■ The task ■
Find every line below with the string "simpático" and pick it out.
+++ Exercise input +++
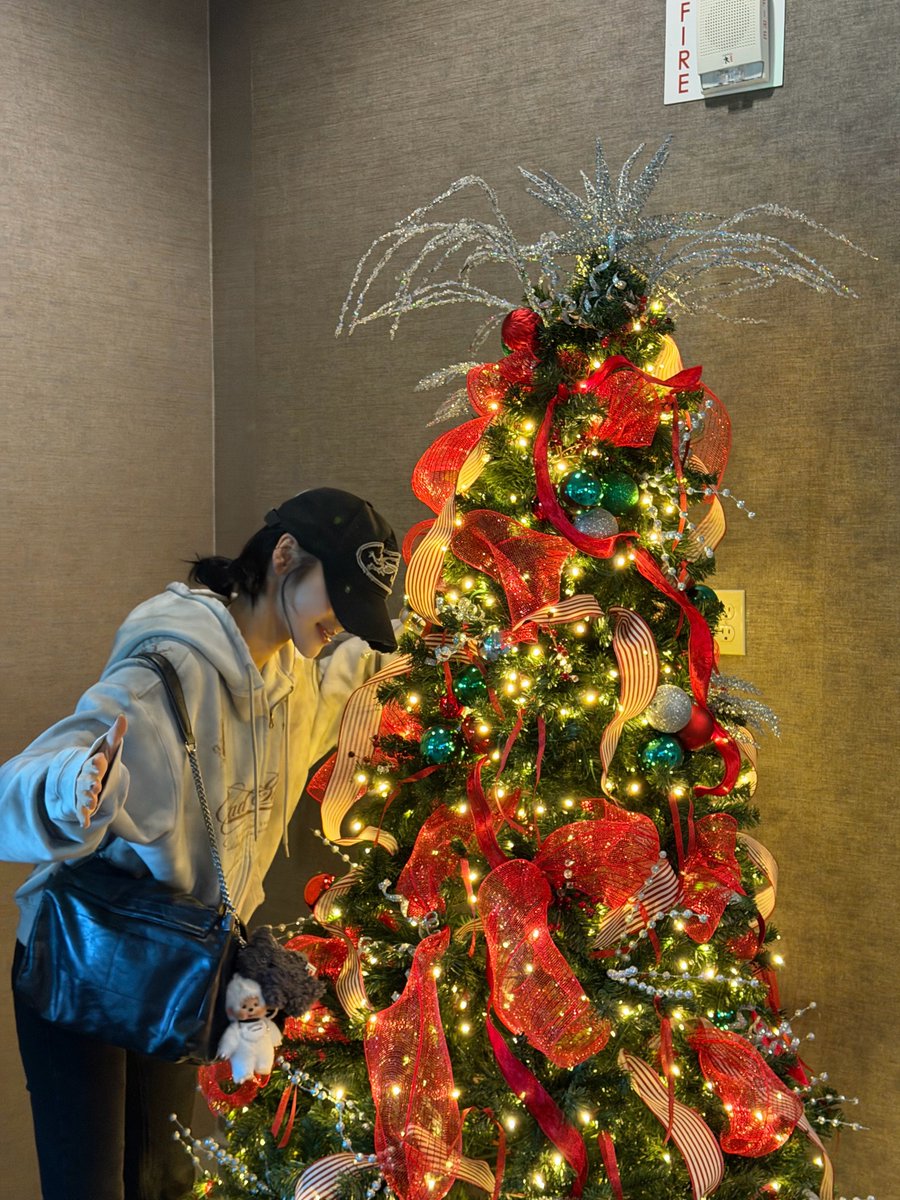 jjsbbl's tweet image. [251130]💌📸  ‘cosmo room update’
i really love it whenever i see a christmas tree hehe
i even planned to buy a tree this time,
but since i’m probably going back to korea in mid december it felt like a bit of a waste so i decided not to buy one
i’ll save it for next year hehe
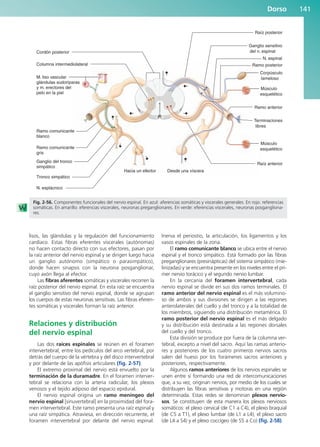 Dorso 141
lisos, las glándulas y la regulación del funcionamiento
cardíaco. Estas fibras eferentes viscerales (autónomas)
no hacen contacto directo con sus efectores, pasan por
la raíz anterior del nervio espinal y se dirigen luego hacia
un ganglio autónomo (simpático o parasimpático),
donde hacen sinapsis con la neurona posganglionar,
cuyo axón llega al efector.
Las fibras aferentes somáticas y viscerales recorren la
raíz posterior del nervio espinal. En esta raíz se encuentra
el ganglio sensitivo del nervio espinal, donde se agrupan
los cuerpos de estas neuronas sensitivas. Las fibras eferen-
tes somáticas y viscerales forman la raíz anterior.
Relaciones y distribución
del nervio espinal
Las dos raíces espinales se reúnen en el foramen
intervertebral, entre los pedículos del arco vertebral, por
detrás del cuerpo de la vértebra y del disco intervertebral
y por delante de las apófisis articulares (fig. 2-57).
El extremo proximal del nervio está envuelto por la
terminación de la duramadre. En el foramen interver-
tebral se relaciona con la arteria radicular, los plexos
venosos y el tejido adiposo del espacio epidural.
El nervio espinal origina un ramo meníngeo del
nervio espinal [sinuvertebral] en la proximidad del fora-
men intervertebral. Este ramo presenta una raíz espinal y
una raíz simpática. Atraviesa, en dirección recurrente, el
foramen intervertebral por delante del nervio espinal.
Inerva el periostio, la articulación, los ligamentos y los
vasos espinales de la zona.
El ramo comunicante blanco se ubica entre el nervio
espinal y el tronco simpático. Está formado por las fibras
preganglionares (presinápticas) del sistema simpático (mie-
linizadas) y se encuentra presente en los niveles entre el pri-
mer nervio torácico y el segundo nervio lumbar.
En la cercanía del foramen intervertebral, cada
nervio espinal se divide en sus dos ramos terminales. El
ramo anterior del nervio espinal es el más volumino-
so de ambos y sus divisiones se dirigen a las regiones
anterolaterales del cuello y del tronco y a la totalidad de
los miembros, siguiendo una distribución metamérica. El
ramo posterior del nervio espinal es el más delgado
y su distribución está destinada a las regiones dorsales
del cuello y del tronco.
Esta división se produce por fuera de la columna ver-
tebral, excepto a nivel del sacro. Aquí las ramas anterio-
res y posteriores de los cuatro primeros nervios sacros
salen del hueso por los forámenes sacros anteriores y
posteriores, respectivamente.
Algunos ramos anteriores de los nervios espinales se
unen entre sí formando una red de intercomunicaciones
que, a su vez, originan nervios, por medio de los cuales se
distribuyen las fibras sensitivas y motoras en una región
determinada. Estas redes se denominan plexos nervio-
sos. Se constituyen de esta manera los plexos nerviosos
somáticos: el plexo cervical (de C1 a C4), el plexo braquial
(de C5 a T1), el plexo lumbar (de L1 a L4), el plexo sacro
(de L4 a S4) y el plexo coccígeo (de S5 a Co) (fig. 2-58).
Corpúsculo
lameloso
Ramo posterior
Ramo anterior
Ganglio sensitivo
del n. espinal
M. liso vascular
glándulas sudoríparas
y m. erectores del
pelo en la piel
Tronco simpático
N. esplácnico
Hacia un efector Desde una víscera
Ramo comunicante
gris
Ramo comunicante
blanco
Ganglio del tronco
simpático
Columna intermediolateral
Músculo
esquelético
Músculo
esquelético
Terminaciones
libres
N. espinal
Raíz posterior
Raíz anterior
Cordón posterior
Fig. 2-56. Componentes funcionales del nervio espinal. En azul: aferencias somáticas y viscerales generales. En rojo: referencias
somáticas. En amarillo: eferencias viscerales, neuronas preganglionares. En verde: eferencias viscerales, neuronas posgangliona-
res.
b027-02.qxd 7/12/11 8:39 AM Page 141
ERRNVPHGLFRVRUJ
 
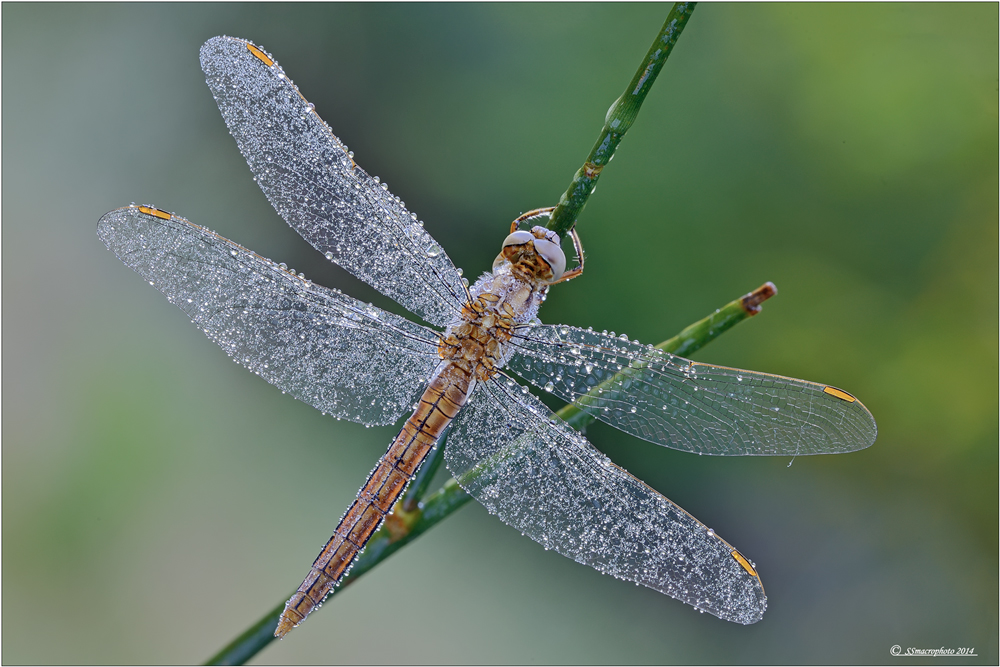 Orthetrum brunneum ali aperte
+++
■ Task answer ■
un ganglio autónomo (simpático o parasimpático),
espinal y el tronco simpático. Está formado por las fibras
preganglionares (presinápticas) del sistema simpático (mie-
Tronco simpático
simpático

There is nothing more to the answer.